DATA SECTION -
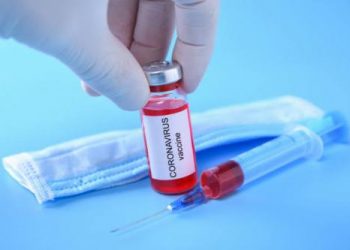 Dikabarkan Mengandung Boraks, Inilah Fakta di Balik Vaksin Sinovac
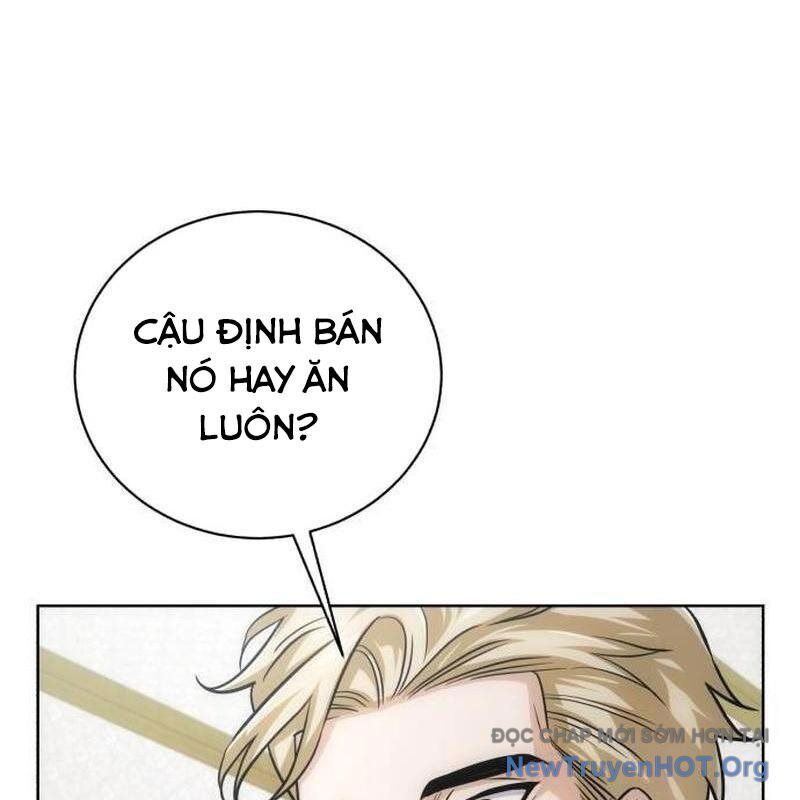 Đứa Con Có Vấn Đề Của Ma Tháp - Chapter 20 - Page 202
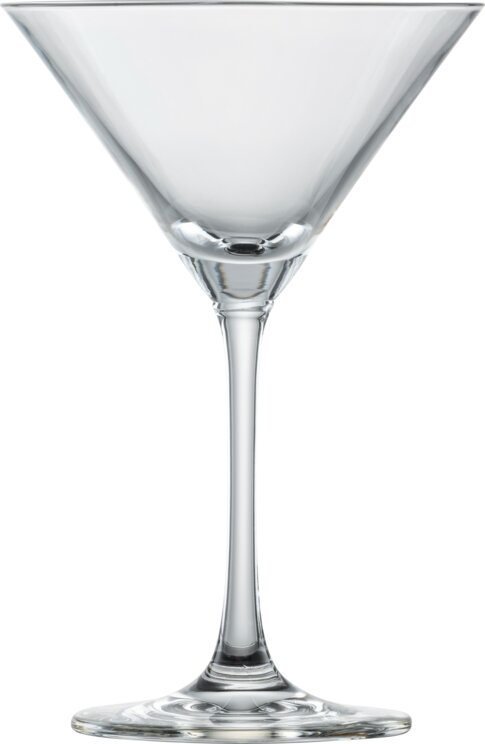 Zwiesel glas 111231 Martini glass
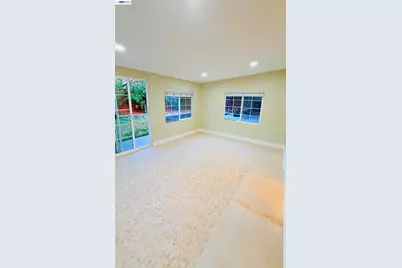 174 Cheltenham Pl, San Jose, CA 95139 - Photo 35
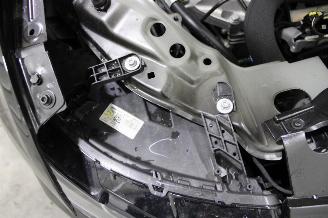 Dacia Duster  picture 23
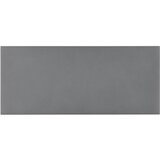 Tri O Vanjska svjetiljka (visina 11 cm) Mayenne – | shoptok.hr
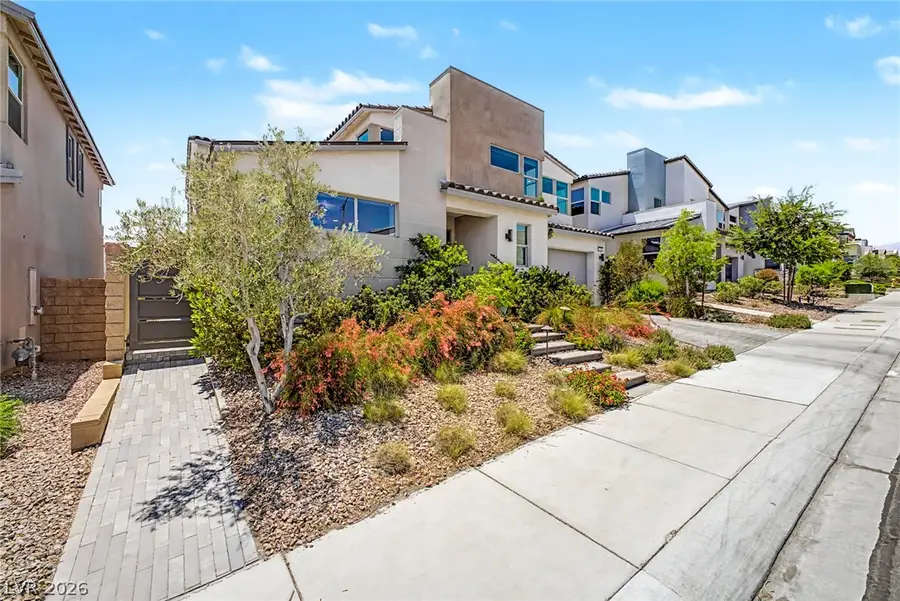 10267 Midnight Meteor Avenue, Las Vegas, NV 89166 - #3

PROBLEM STATEMENT - Every line from the one that holds "Tri O Vanjska" to the end of the listing should be output exactly, with pictures left out, please.

EXERCISE OUTPUT -
 Tri O Vanjska svjetiljka (visina 11 cm) Mayenne – | shoptok.hr
 10267 Midnight Meteor Avenue, Las Vegas, NV 89166 - #3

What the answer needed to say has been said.